Hubbard and Kraft, now revealed to be intelligence operative Sharon Bridger, continue their investigation and capture a suspect, Tariq Husseini. Devereaux, who was surveilling Hubbard, tortures and kills Husseini in the course of the interrogation. Husseini reveals nothing of value because of the principle of compartmentalized information. Sickened, Bridger concedes that she provided training and support to militants opposed to Saddam Hussein's regime, working with Samir to recruit and train the followers of the Sheikh. After the cut of their funding and the group was left to be exposed, she took pity on the few of the victims who had not yet been slaughtered by Hussein's forces, and arranged for them to escape to the United States, ultimately leading to the present situation as they direct their bomb making and covert skills on the country that now holds their leader. The Sheikh was also apprehended by Devereaux without any consent from the U.S. government. She and Hubbard compel Samir to arrange a meeting with the final terrorist cell. Hubbard convinces Haddad to return to the FBI.
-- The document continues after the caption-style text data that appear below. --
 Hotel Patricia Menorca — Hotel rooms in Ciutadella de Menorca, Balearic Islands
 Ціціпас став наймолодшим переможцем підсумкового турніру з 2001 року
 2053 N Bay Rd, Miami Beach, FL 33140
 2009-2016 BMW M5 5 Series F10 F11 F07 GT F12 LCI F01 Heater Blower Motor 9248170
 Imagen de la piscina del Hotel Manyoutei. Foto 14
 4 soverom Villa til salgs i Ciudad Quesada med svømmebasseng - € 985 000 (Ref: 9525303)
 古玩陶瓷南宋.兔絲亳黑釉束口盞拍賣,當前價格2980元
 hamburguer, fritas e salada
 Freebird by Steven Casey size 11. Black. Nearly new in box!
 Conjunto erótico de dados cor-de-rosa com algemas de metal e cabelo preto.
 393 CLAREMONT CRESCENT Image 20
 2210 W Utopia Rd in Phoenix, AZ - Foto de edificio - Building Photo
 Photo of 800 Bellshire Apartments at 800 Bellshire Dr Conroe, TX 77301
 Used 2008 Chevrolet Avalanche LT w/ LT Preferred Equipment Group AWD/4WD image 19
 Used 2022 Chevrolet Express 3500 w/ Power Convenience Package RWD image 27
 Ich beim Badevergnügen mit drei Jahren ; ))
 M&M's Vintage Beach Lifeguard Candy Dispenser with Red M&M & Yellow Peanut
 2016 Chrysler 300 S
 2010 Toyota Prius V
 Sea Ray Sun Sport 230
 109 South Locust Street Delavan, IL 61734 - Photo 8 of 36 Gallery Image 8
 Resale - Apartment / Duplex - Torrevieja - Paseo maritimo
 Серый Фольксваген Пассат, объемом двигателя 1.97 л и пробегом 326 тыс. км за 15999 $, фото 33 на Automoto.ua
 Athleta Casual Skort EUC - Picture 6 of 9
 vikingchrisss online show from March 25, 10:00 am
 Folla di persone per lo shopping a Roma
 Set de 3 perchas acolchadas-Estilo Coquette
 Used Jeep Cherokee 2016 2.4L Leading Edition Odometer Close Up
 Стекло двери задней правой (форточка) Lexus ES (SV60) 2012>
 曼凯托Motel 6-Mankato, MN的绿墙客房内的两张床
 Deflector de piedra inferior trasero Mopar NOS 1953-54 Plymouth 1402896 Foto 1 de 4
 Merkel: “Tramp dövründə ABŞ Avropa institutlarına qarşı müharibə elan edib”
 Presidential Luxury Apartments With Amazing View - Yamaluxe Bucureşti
A multi-ethnic peace march demonstrates against the occupation of Brooklyn. As the march begins, Hubbard and Haddad arrive at the meeting place, but Bridger and Samir have already departed. Samir reveals to Bridger that he is in fact the final bomber while also predicting that, "there will never be a last cell," as their terrorist acts are just a beginning. He straps a bomb to his body, intending to detonate it among the marchers. Hubbard and Haddad arrive in time to prevent him from leaving a bathhouse, but Samir shoots Bridger in the stomach as she struggles to stop him. Hubbard and Haddad kill Samir but can only watch as Bridger succumbs to her wound after reciting lines of the second half of the Lord's Prayer and concluding with "Inshallah". (Note: The Arabic phrase "God Willing".)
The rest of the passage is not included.